Mientras, crece la polémica después de que la candidata socialista a la presidencia de la Junta calificara de "accidente laboral" la muerte de los agentes.
Montero insiste en que se han malinterpretado sus palabras y la oposición lo tacha de "incalificable".
El ministro del Interior, Fernando Grande-Marlaska, ha asegurado este miércoles en un acto en la Academia de la Guardia Civil de Baeza (Jaén) que está "rabioso" por la muerte en acto de servicio de los agentes fallecidos mientras perseguían una narcolancha en las costas de Huelva, momento en el que ha sido interrumpido con pitidos y abucheos.
"Comprendo, entiendo vuestro dolor, vuestra rabia, nada puede compensar la muerte en acto de servicio de Germán y de Jerónimo. Y lo entiendo porque yo también estoy dolido. Permitidme, estoy rabioso", ha asegurado el titular de Interior, que ha detenido su intervención unos segundos para añadir que nunca serán "impotentes" frente a la lucha contra el narcotráfico y el crimen organizado.
"Durante muchos años hemos hecho frente con los instrumentos legales al terrorismo y al narcotráfico, y lo seguiremos haciendo con todos los medios legales precisos", ha señalado el ministro en la jura de bandera de los nuevos cabos y guardias civiles celebrada en la Academia de Baeza.
En declaraciones posteriores a los periodistas ha recalcado que comprende "absolutamente la rabia", puesto que nada que se haga o diga puede compensar el dolor, aunque también ha hecho un llamamiento a la "cordialidad entre todos, a no utilizar a ninguna de las víctimas con fines políticos".
La muerte de los dos guardias civiles está marcando la recta final de la campaña electoral en Andalucía. La candidata del PSOE, María Jesús montero, insiste en que se malinterpretaron sus palabras al calificarlo de accidente laboral. El Gobierno ha salido en su apoyo mientras para la oposición es injustificable. María Jesús Montero vuelve a matizar sus declaraciones sobre la muerte de dos guardias civiles cuando perseguían una narcolancha.
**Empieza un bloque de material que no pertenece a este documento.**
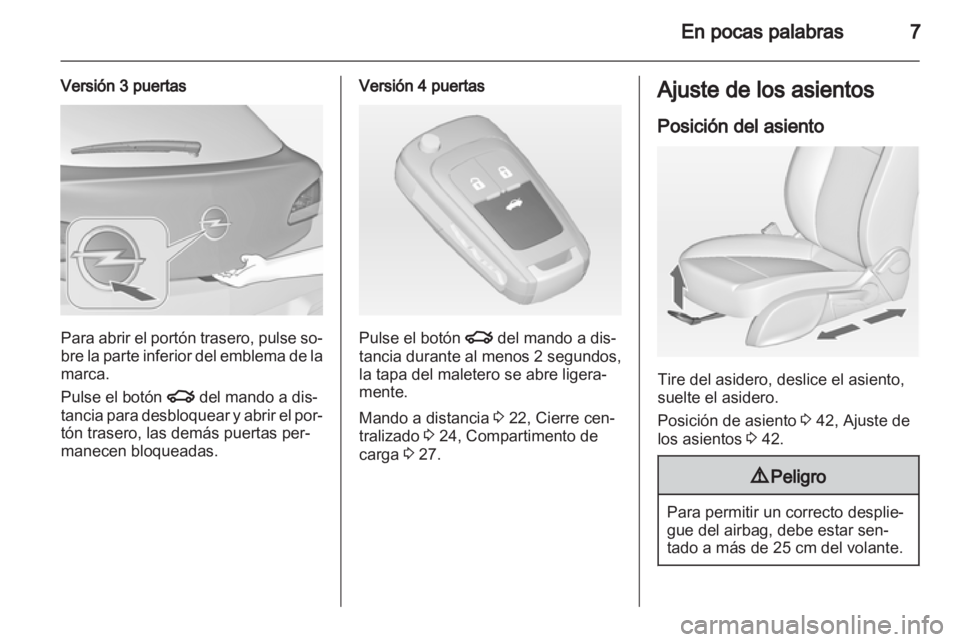 OPEL ASTRA J 2013  Manual de Instrucciones (in Spanish)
Fue en el debate de Canal Sur. Justifica que ningún ministro estuviera en el funeral: fueron la secretaria de estado de seguridad y la directora de la Guardia Civil.
Vox le pide menos palabras y más medios, mientras el PP lamenta la actuación del Gobierno. Una polémica que ha sacudido, en la recta final de campaña, a los 30.000 policías y guardias civiles que hay en Andalucía.